Est-ce cela que sent et voit celui qui regarde ces encres ? Non.
Combien de fois quelqu’un m’y a décrit ce qu’il ressentait et qui en était presque le contraire. D’ailleurs repousser, c’est également se dégager, briser les chaînes, recouvrer sa liberté, c’est l’envol.
Ne pas prendre, « repousser » pour ce que ça n’est pas et ce que ça ne va pas rester.
Noyau d’énergie (c’est pourquoi son objet ou son origine n’importe) il est l’obstacle et le tremplin magique qui va me donner ma vitesse de libération.
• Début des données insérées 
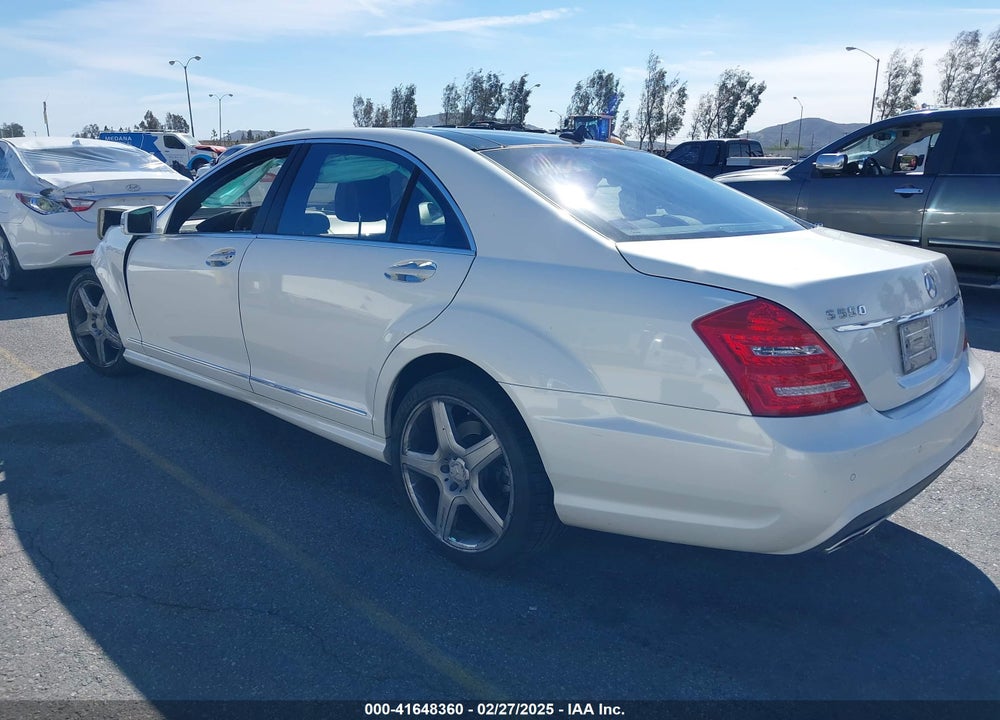 2011 MERCEDES-BENZ S 550 VIN: WDDNG7BB6BA373135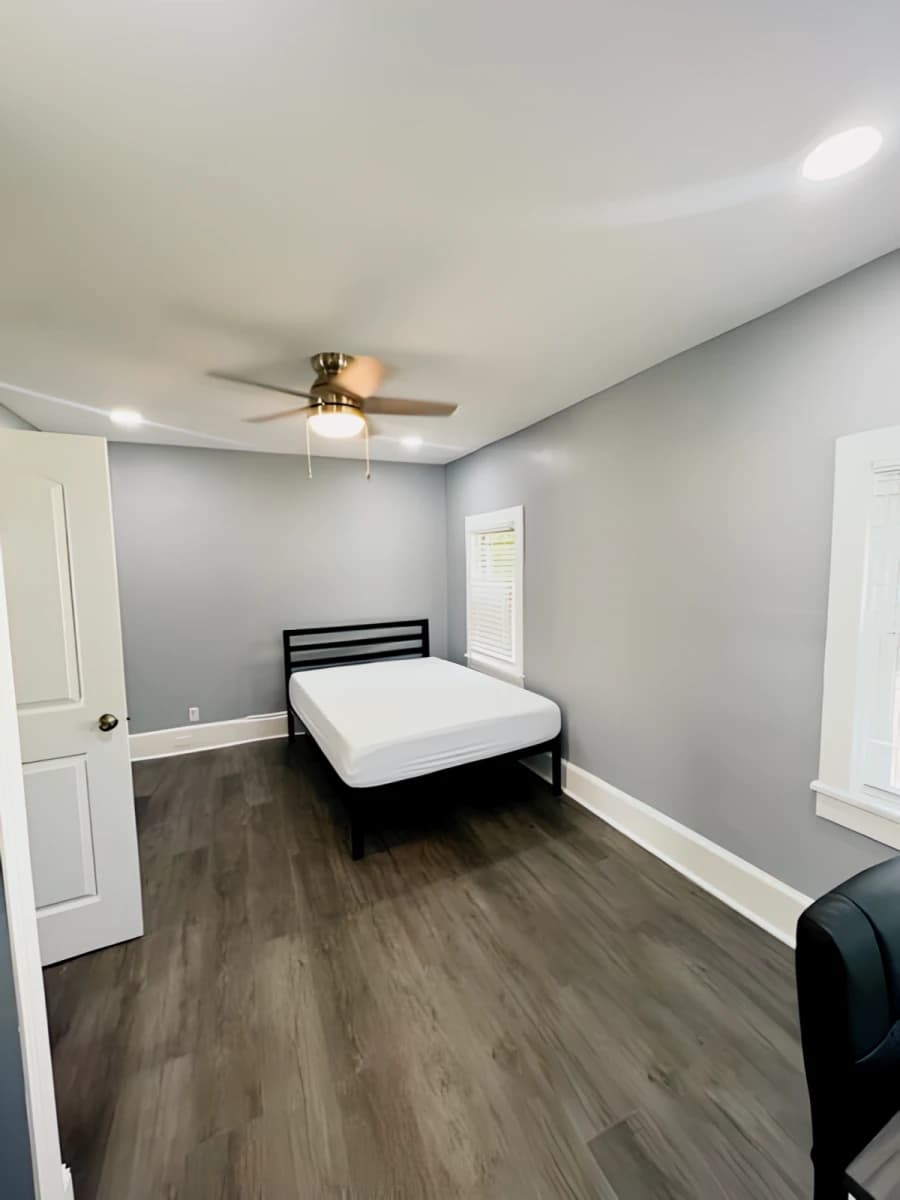 205 Ashworth Pl image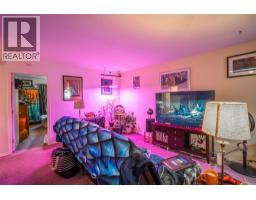 5683 97 Highway, Falkland, BC V0E1W0 Photo 14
L’art est ce qui aide à tirer de l’inertie.
Ce qui compte n’est pas le repoussement, ou le sentiment générateur, mais le tonus. C’est pour en arriver là qu’on se dirige, conscient ou inconscient, vers un état au maximum d’élan, qui est le maximum de densité, le maximum d’être, maximum d’actualisation, dont le reste n’est que le combustible – ou l’occasion.
C’est elle maintenant, cette densité, qui attire et excite, loin de causer de la répulsion (chez certains pourtant, si – plus clairvoyants!).
Ainsi, contre ma naturelle inertie, à quoi il m’arrache, c’est le plus énergétique moyen intérieur dont je dispose contre le proche ou le lointain entourage, celui qui me recharge le plus, qui donne réponse à cent situations, car je suis assez souvent débordé, dans la vie, ou plutôt je serais, sans cela.
Mais là non plus je ne veux pas le savoir ; sur le moment je suis en campagne, j’ai autre chose à faire que de penser.
Et après ?
Et bien je vois surtout leur mouvement. Je suis de ceux qui aiment le mouvement, le mouvement qui rompt l’inertie, qui embrouille les lignes, qui défait les alignements, me débarrasse des constructions. Mouvement, comme désobéissance, comme remaniement.
Par mon incapacité, riche au moins en surprises, je me donne des surprises. Plus qu’ailleurs, jeune par jeune savoir. Par les chocs, les bévues. (Et non pas fixé au résultat tel quel, mais pour savoir ce qui viendra après. Peinture-étape).
Peindre pour manipuler le monde (ses formes), le tâter de plus près, directement. Je devais sans doute rencontrer la peinture. La peinture est une base où on peut commencer à zéro. Support qui doit moins aux ancêtres. Au moins, je fais éclater un des couvercles qui me retenait.
…….
Aller de l’avant, vivement et sans reprise, le tout dans la pâte colorée, légèrement s’y enfonçant, avançant comme un soc de charrue qui ne serait pas du tout lent – mais qui pareillement va soulever à gauche et à droite la molle glaireuse surface, laquelle s’éclaire sur les bords… et un imperturbable et impératif sillon est tracé qui ne sera plus comblé.
Une fois de plus je pense être spontané, totalement, sans corrections, sans deuxième état, sans avoir à y revenir, à retoucher. D’emblée, là.
L’immédiat, les immédiats… Le nouveau venu… in statu nascendi… débloquant en moi un je ne sais quoi, rompant des retenues, des réserves, fêtant un devenir, un inattendu « devenir » : gouaches.

Trait hors des chemins, sûr de son chemin, qu’avec nul autre on ne saurait confondre.
Tout comme une gifle qui coupe court aux explications.
Peinture pour l’aventure, pour que dure l’aventure de l’incertain, de l’inattendu. Après des années toujours encore l’aventure.